A regular Yoga practice can offer a ritualistic element to our lives. When we adopt a ritual of setting a clear intention to provide something supportive to our wellness, we feel like we have the courage to approach the day with a positive outlook. Over time both the act of participating in a ritual and the gifts from the Yoga practice itself can lead us to develop a great sense of significance and self-worth overall. We find we are more equipped to face our fears rather than hide away and avoid them.
- Stop searching for happiness and discover contentment
Instant gratification is at the centre of most corporate marketing campaigns. It’s all about feeling good instantly, looking the best, having the most up to date car/phone/house, being the envy of others, getting the most attention from potential sexual partners, escaping, avoiding and getting out of responsibilities or being given VIP treatment. All of this excites us and makes us feel awesome. For about 8 minutes. Until we need our next hit of instant gratification to elevate our emotional state.
Instant gratification serves only the mind (the ego) and as I mentioned earlier, we are not our minds. The act of chasing our next high, seeking validation for our opinions on disputes or the excuses we make to justify our actions can become completely, energetically depleting and ultimately dis-satisfying.
The body is wiser than the mind will ever be. Think about it. The body is a vessel for thousands of complex chemical reactions that go about their day performing tasks to keep our internal environment at a state of equilibrium. Scientists are still mystified by puzzling questions about how the brain functions. When we adopt a regular Yoga practice we start to become more in tune with our bodies because the mind is quietened enough for us to start listening.

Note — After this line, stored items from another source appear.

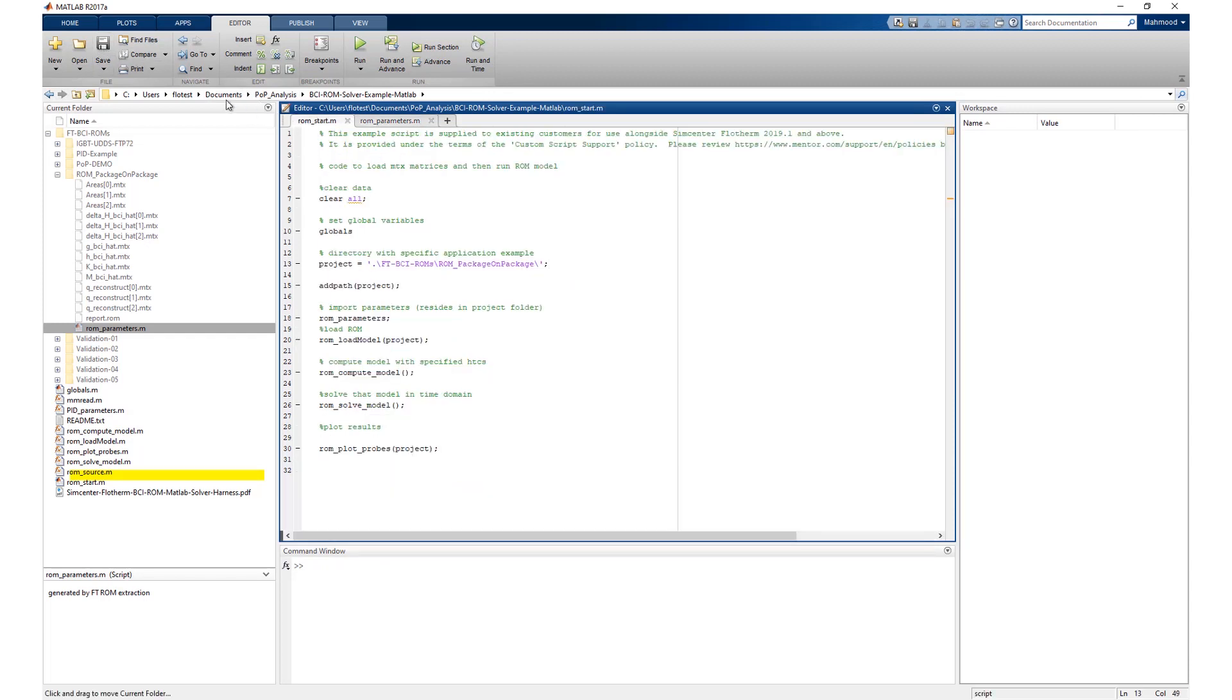Save the changes to the rom_start and rom_parameters file. To solve, run the rom_start file.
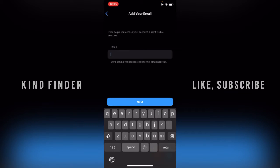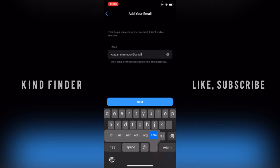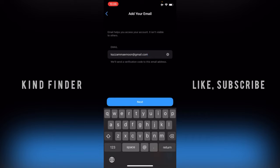Here you can add your email. Email helps you access your account and it isn't visible to others. Enter your email here — make sure this is the correct email address linked to your phone for your WhatsApp. Once you've confirmed it's correct, tap on Next.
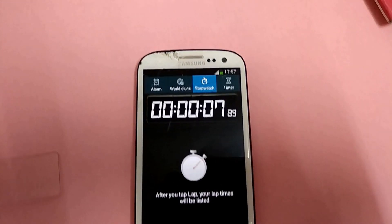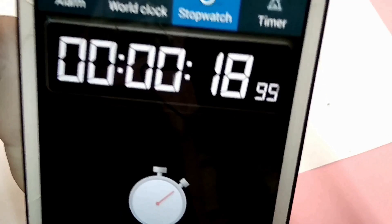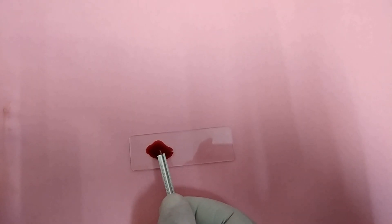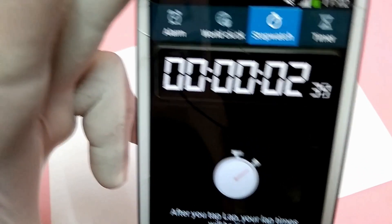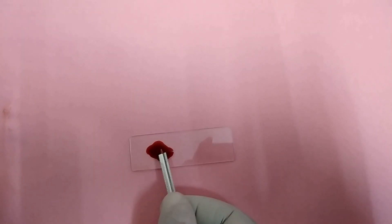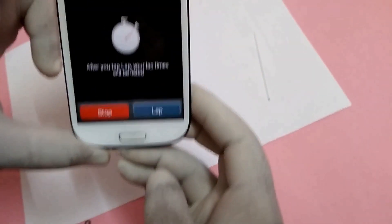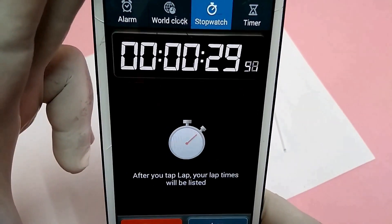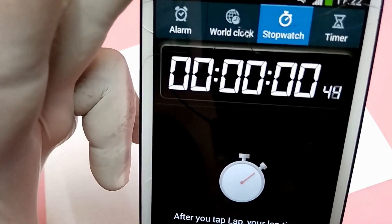Pick up with the lancet at every 30-second intervals. The time at which a fibrin thread is seen — that will be the clotting time.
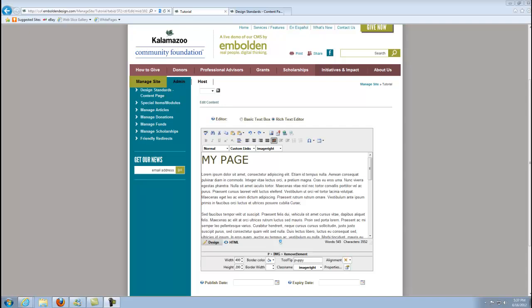Hello and welcome to video number 23 of Embolden's video tutorial project. In this video we're going to talk about how to add an image with captions using the RAD editor tool. This will be the last of the videos that talk about images for a while.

Happiness is a word that has been attached to emotional states such as excitement, satisfaction, pleasure, joy, cheerfulness and many other positive emotions. Happiness most definitely includes all of the positive emotions you can ever experience but it also includes the negative ones. Happiness is about being content and comfortable in our day to day life whether it is blissfully joyful, impossibly dreadful or downright boring. We can be living a happy life but still encounter circumstances that make us feel awful and sometimes for more than a day or two. All we can do is accept and be OK with whatever comes our way in life that we cannot control and seek out options to make changes to circumstance that are in our control. This philosophy is at the very base of a Yoga practice and the more we practice the closer we come to contentment and wellness of mind, of body, of heart.
“Practice and all is coming.” Shri K Pattabhi Jois, founder of Ashtanga Yoga.